Finding and using the right metadata in extensive and highly customised Salesforce systems is also problematic. It is not so much that the metadata is opaque or difficult to find, it isn’t. However, the nature of the platform makes it easy to add products from the AppExchange, your own customisations or even to build your own applications. The development environment also lends itself to agile development methods so it is common for the system to change quite dramatically and often. Keeping up with how the data model is developing and evolving is then difficult without specialist tools.
The challenge is that there are only a few tools aimed at any of these more complex data sources which are designed for metadata discovery and analysis as well as having the ability to provision other systems with their results. For example other than our own product Safyr, which works with ERP and CRM packages from SAP, Oracle, Microsoft and Salesforce we know of only a handful of specialist tools which address this specific problem.
Of course, it is common for these larger, complex enterprise class applications to contain the base data which is critical to the success of AI projects. Given that and the challenges they pose in identifying and labelling data effectively perhaps it is not surprising that AI projects taken longer to deliver.
To give yourself the best chance of avoiding costly delays or even cancellation due to data issues, it is important to fully understand the data landscape you are working with in the context of the project goals.
It is worth asking a few questions and documenting the answers before starting on trying to extract and prepare data for your AI project.
- Have you identified which applications, systems and files contain the data you need?
- For each of those do you know how their data models are structured?
- Do you have access to their business metadata? By this I mean the business names for data objects such as tables and fields etc.
- Do you know how tables relate to each other or to particular business artefacts (e.g. Bill of Materials)
- Have you identified which tools and technologies might be able to help you find, catalog and curate the metadata you will need?
- What is the cost of any internal or external resources you might need to perform the source metadata discovery and analysis?
- How long will it take to gather the metadata necessary? This should be factored in to any time and cost estimate for the project?
- Where are you going to store that metadata so that it is accessible by those who need to use it?
Of course using a metadata discovery and repository tool is only one of the components which will solve all your AI project problems. It does not for example deal with data quality which is another significant challenge for any data transformation initiative, especially AI. It does not address issues such as scope creep, potential gaps in immature product offerings or the lack of skills in implementing these new solutions.

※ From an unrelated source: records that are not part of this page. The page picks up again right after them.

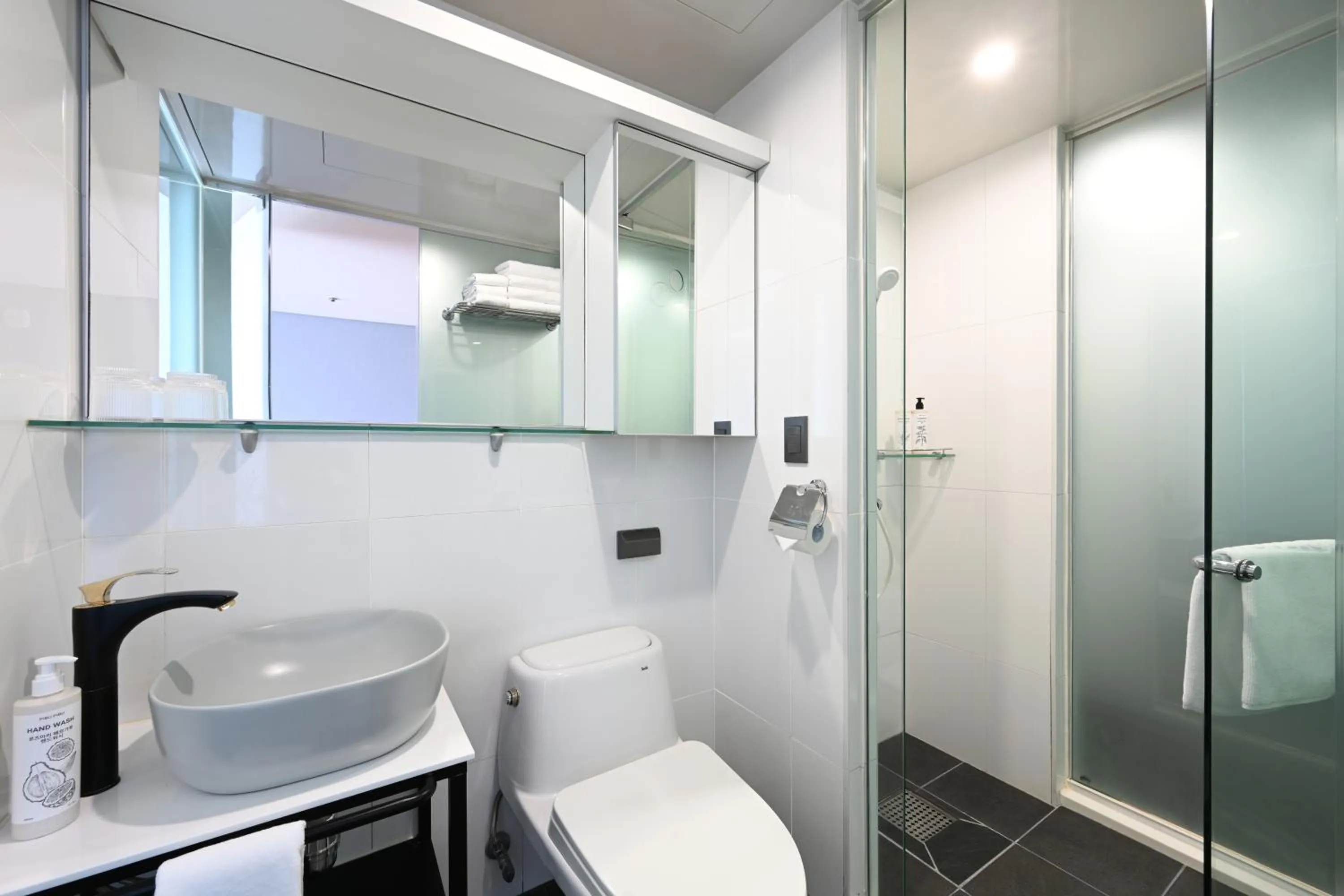 Toilet in Kolon Seacloud Hotel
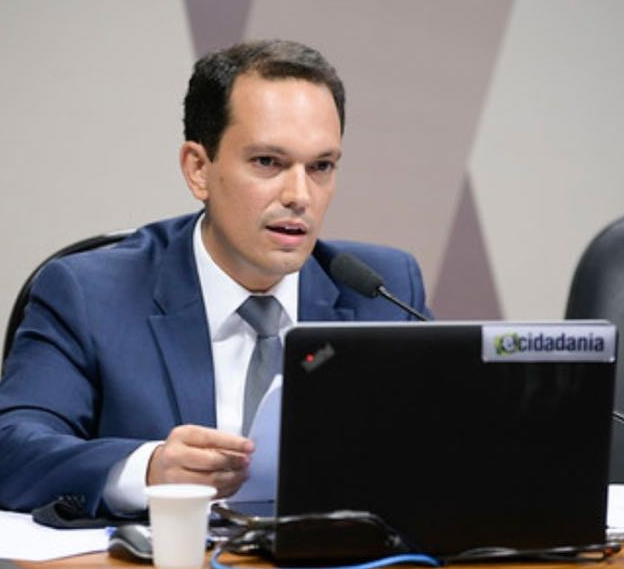 Vitor Saback assume presidência interina da ANA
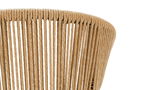 Nahaufnahme eines Gartensessels mit geflochtenem Seildesign, seitliche Perspektive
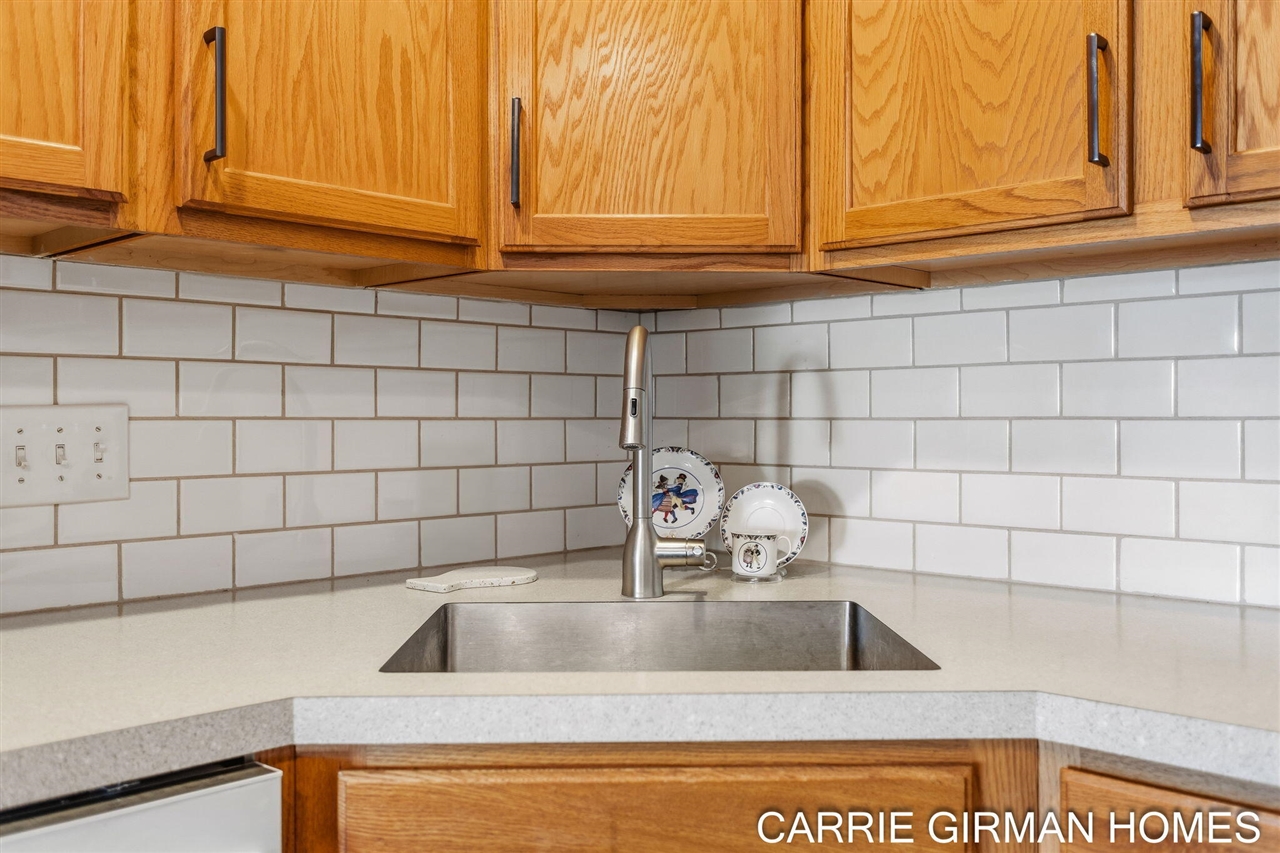 12233 S Crystal Waters Drive Property Photo 15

However, having a platform which contains business as well as technical metadata will help you to avoid some of the pitfalls and delays associated with lack of intelligence about your data sources. It is worth considering implementing a metadata management or repository product as a prerequisite for any AI or indeed other data management projects. It will repay the investment many times over in reducing delays, improving accuracy and delivering a central source of business metadata across multiple initiatives.